### [DATA BLOCK]
[Start of section]
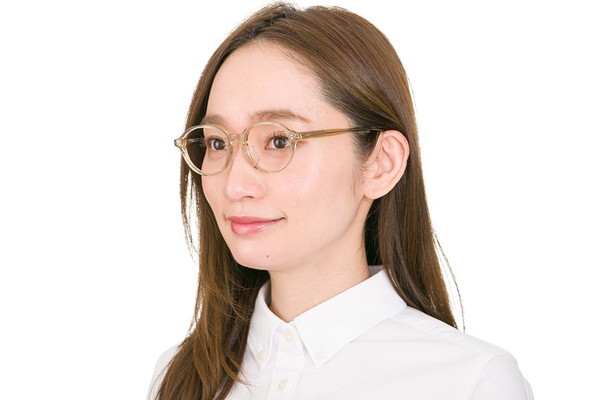 【限定価格セール！】 アウトレット価格]CLASSIC(クラシック)（ZN211001-42A1 小物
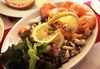 Bild 2 - Pizzeria Restaurant Gnadensee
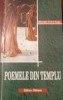 POEMELE DIN TEMPLU
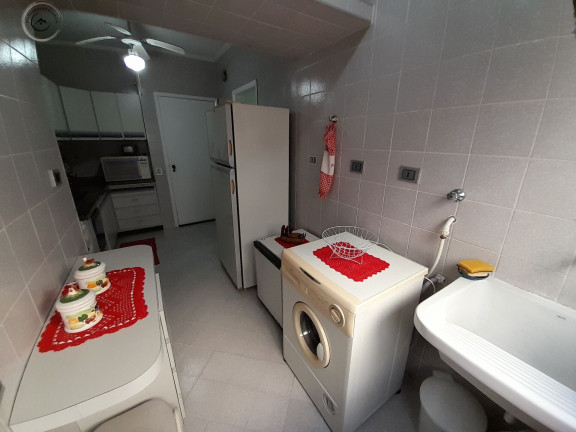Imagem Apartamento com 2 Quartos à Venda, 70 m² em Enseada - Guarujá Imagem Apartamento com 2 Quartos à Venda, 70 m² em Enseada - Guarujá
[End of section]
### [WORK INSTRUCTIONS]
Each line above should be set down exactly as written, with pictures excluded.

### [RESPONSE AREA]
 【限定価格セール！】 アウトレット価格]CLASSIC(クラシック)（ZN211001-42A1 小物
 Bild 2 - Pizzeria Restaurant Gnadensee
 POEMELE DIN TEMPLU
Imagem Apartamento com 2 Quartos à Venda, 70 m² em Enseada - Guarujá Imagem Apartamento com 2 Quartos à Venda, 70 m² em Enseada - Guarujá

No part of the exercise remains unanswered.